Le président enverra "rapidement un relevé de conclusions détaillé aux participants précisant les prochaines étapes", a-t-on ajouté de même source, sans plus de précisions sur une prochaine rencontre.
Comme le 30 août, rendez-vous avait été donné à la Maison de l'éducation de la Légion d'honneur, à deux pas de la basilique où reposent les rois de France.
Haro sur les LR
Emmanuel Macron a d'abord donné des "informations" sur la situation à Gaza et les négociations "rudes" en cours pour libérer les otages détenus par le Hamas, a indiqué Fabien Roussel.
Comme après l'attaque du Hamas contre Israël le 7 octobre, il a évoqué la possibilité d'organiser des points réguliers sur la situation internationale dès que l'actualité le nécessite.
Eric Woerth, député Renaissance, a ensuite présenté les grands principes de sa mission sur la décentralisation, éteignant au passage les craintes de supprimer certaines collectivités territoriales, notamment les départements. L'ex-ministre devrait faire un point d'étape dans trois mois sur l'avancée de ses chantiers.

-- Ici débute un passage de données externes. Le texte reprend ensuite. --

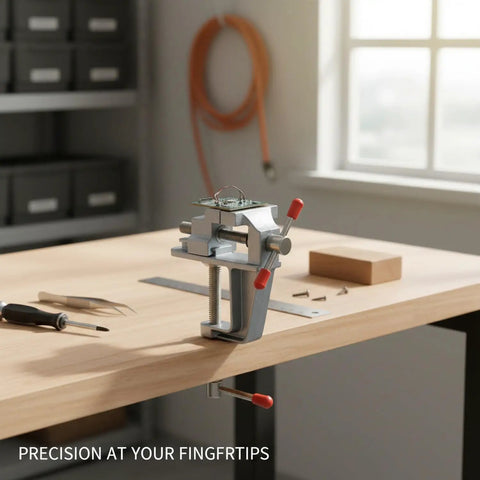 Compact Aluminum Bench Vise For Tiny Workpieces, Portable Desktop Clamp For Drilling And Filing, Easy Tightening, Secure Hold For Precise Assembly And Hands Free Operation on workbench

Les absents dénonçaient une opération de communication. "Nous aussi on en fait", a riposté Marine Tondelier. Ils reprochaient aussi au président de chercher ainsi à contourner le Parlement où il n'a plus de majorité absolue.
"Je suis à la tête d'un parti de gouvernement", a de son côté fait valoir Jordan Bardella (RN). "Chaque fois que la République nous convoque, nous répondons présent", a-t-il plaidé, lançant ainsi une pierre dans le jardin des LR.
L'entourage présidentiel a aussi ironisé sur l'absence d'Eric Ciotti, jugeant "difficile de porter une proposition" de référendum sur l'immigration, "de ne pas venir à la réunion durant laquelle on devait en parler et ensuite de regretter le fait que cette proposition n’ait pas pu prospérer".